Below is a draft proposal which I’m submitting for a possible upcoming talk at
WPCampus from July 25-27, 2019 in Portland, OR. If you don’t have the patience and can’t wait for the details, feel free to reach out and touch base. I’m happy to walk people through it all before then. If you’re looking for other upcoming events or need help, check out any of the upcoming
Homebrew Website Clubs,
IndieWebCamps, the
IndieWeb Summit 2019, or even
Domains2019.
Session Title
Dramatically extending a Domain of One’s Own with IndieWeb technology: How to improve your online research notebooks, commonplace books, and digital pedagogy
Session description
(This description will be edited and used on the website. Please include 1-2 paragraphs and a list of key takeaways for the audience.)
Having a Domain of One’s Own and using it as a “thought space” to own your online identity and work is just the tip of the iceberg. Can you imagine how useful it would be if you could use your Twitter account to reply to someone on Facebook (without needing a Facebook account) or vice versa? Open web technology from the IndieWeb movement that utilizes simple plugins, modules, or even built-in functionality now exists so that people can now use WordPress, Drupal, WithKnown, Grav and many other content management systems on any domain name to have rich site-to-site communications in a simple and intuitive way. Third party (and often unethical) corporate platforms are no longer needed to have rich interactions between scholars on the web.
It is now easily possible to have a teacher write a post on their own website and their students to easily reply/react to that post on their own websites (along with a useful reply context) and send that reply to the teacher’s website for possible display.
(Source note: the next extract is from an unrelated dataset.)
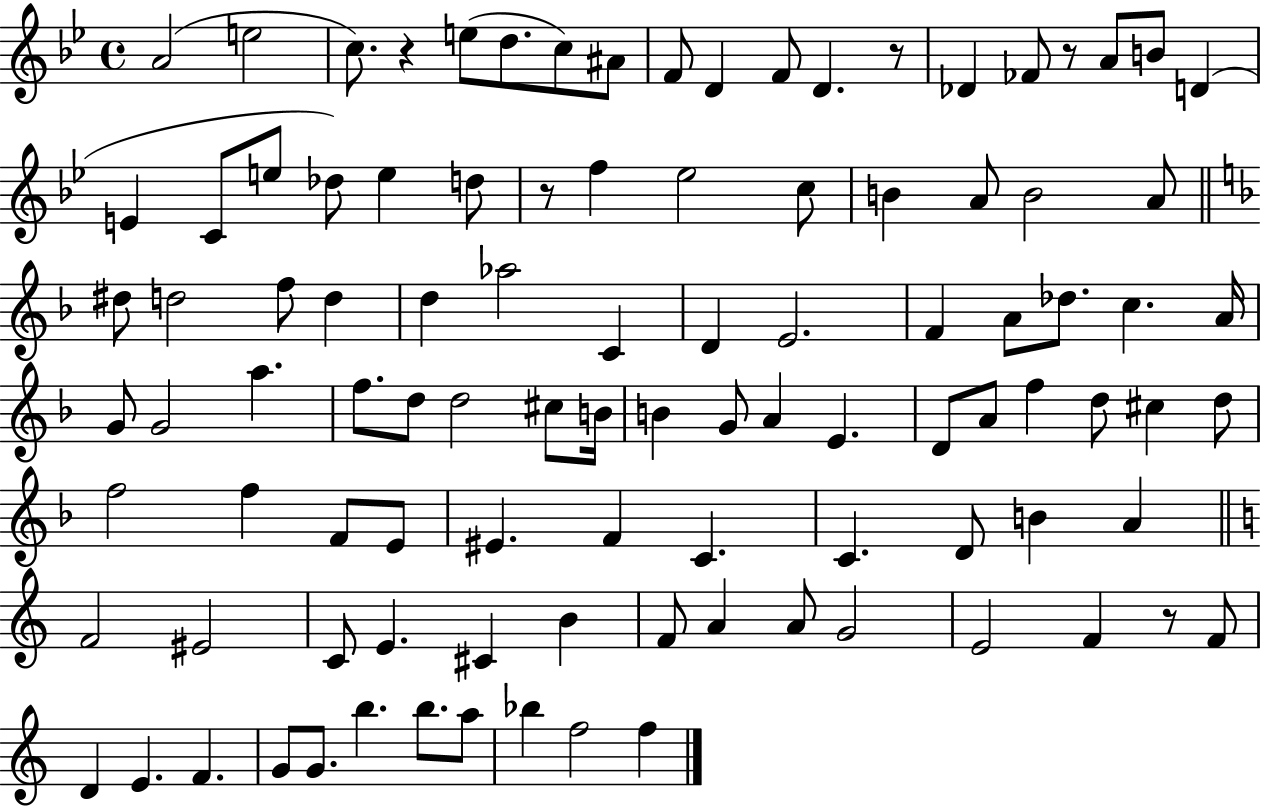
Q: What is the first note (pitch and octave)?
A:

Each participant can now own a copy of both sides of the conversation.
- Teachers and students will learn how to (individually or together) collect, analyze, write, collaborate, and interact easily online while doing so in a space they own and control without giving away their data to third party platforms.
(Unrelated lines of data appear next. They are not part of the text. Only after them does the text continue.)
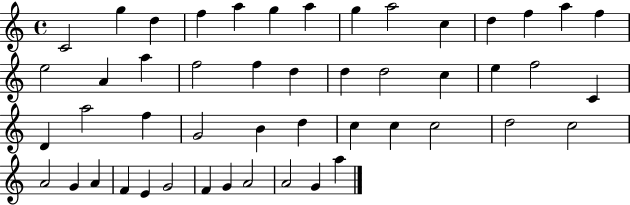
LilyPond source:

{
  \clef treble
  \time 4/4
  \defaultTimeSignature
  \key c \major
  c'2 g''4 d''4 | f''4 a''4 g''4 a''4 | g''4 a''2 c''4 | d''4 f''4 a''4 f''4 | \break e''2 a'4 a''4 | f''2 f''4 d''4 | d''4 d''2 c''4 | e''4 f''2 c'4 | \break d'4 a''2 f''4 | g'2 b'4 d''4 | c''4 c''4 c''2 | d''2 c''2 | \break a'2 g'4 a'4 | f'4 e'4 g'2 | f'4 g'4 a'2 | a'2 g'4 a''4 | \break \bar "|."
}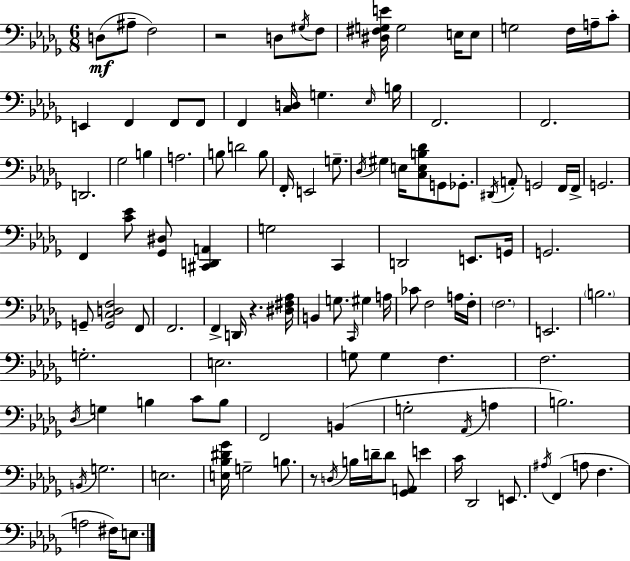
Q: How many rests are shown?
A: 3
- Researchers can now easily bookmark, highlight, or annotate portions of the web and keep this data (public/private) on their own website (aka digital commonplace book or notebook) for future reference or use.
- We’ll show how courseware can be decentralized so that the instructor and the students each own their own pieces of the learning processes and can keep them for as long as they wish.
- We will demonstrate how one can use their WordPress-based website with a few simple plugins to own all of the traditional social media types (bookmarks, items read, highlights, annotations, comments/replies, photos, status updates, audio, checkins, etc.) on their own site while still allowing interacting (if desired) with other websites as well as in social spaces like Twitter, Instagram, Swarm, etc.
- We will demonstrate a new generation of free feed readers that allow composing in-line responses and reactions that post them directly to one’s own website as well as send notification to the site being read and interacted with.
You can now have the joy of a Domain of Your Own and still easily interact just as if your site were a (better-than) first class social media platform.
More Information About Your Session
(Please describe your session in greater detail for the organizers. You may be more casual in this description as it will not be posted on the website.)
In some sense, this session will be a crash course on using IndieWeb technologies and building-blocks with WordPress in the Education space. I’ll aim to remove a lot of technical jargon and keep coding examples to a bare minimum (if using any at all) so that those with the technical ceiling of downloading and installing a plugin can immediately benefit from the talk. I will also provide enough pointers and describe the broad outlines that developers will have a broad overview of the IndieWeb space to find and extend these plugins and functionality if they wish.
I’ll be covering the basics of new W3C recommendations like Webmention, Micropub, and WebSub along with forthcoming specs like Microsub in combination with IndieAuth (a version of OAuth2 for login). I’ll show how they can be applied to personal websites in research, teaching, collaboration, and other educational domains like creating Open Educational Resources. Many of these can be easily implemented in WordPress with just a handful of simple plugins that allow the web to become the social media platform we all wish it would be.
I’ll use examples from my own personal website and several others (which use Drupal, WithKnown, Grav, etc.) to show how these plugins can be used in educational settings and will walk through a case study of a course built using DoOO and IndieWeb philosophies and technologies (EDU 522: Digital Teaching and Learning at Southern Connecticut State University) on which I collaborated with Dr. Gregory McVerry.